--- Extracted data ---
== Segment start ==

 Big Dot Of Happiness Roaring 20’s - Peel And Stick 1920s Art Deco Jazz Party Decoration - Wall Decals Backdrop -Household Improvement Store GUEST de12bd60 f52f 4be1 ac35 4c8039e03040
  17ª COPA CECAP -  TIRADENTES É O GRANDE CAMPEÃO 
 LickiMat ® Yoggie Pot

== Segment end ==
== Segment start ==

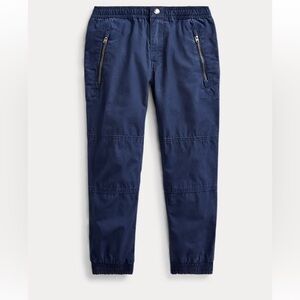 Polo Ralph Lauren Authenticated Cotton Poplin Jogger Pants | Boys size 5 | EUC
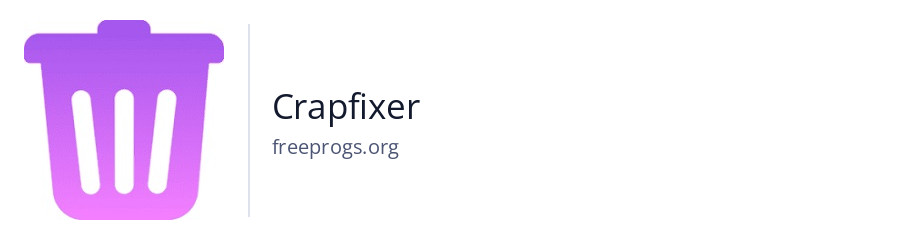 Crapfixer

== Segment end ==

--- Exercise requirements ---
Give back, exactly as written, the stretch from the line with "Big Dot Of Happiness" through the line with "LickiMat ® Yoggie Pot", and no other lines from the records above.

--- Your solution ---
 Big Dot Of Happiness Roaring 20’s - Peel And Stick 1920s Art Deco Jazz Party Decoration - Wall Decals Backdrop -Household Improvement Store GUEST de12bd60 f52f 4be1 ac35 4c8039e03040
  17ª COPA CECAP -  TIRADENTES É O GRANDE CAMPEÃO 
 LickiMat ® Yoggie Pot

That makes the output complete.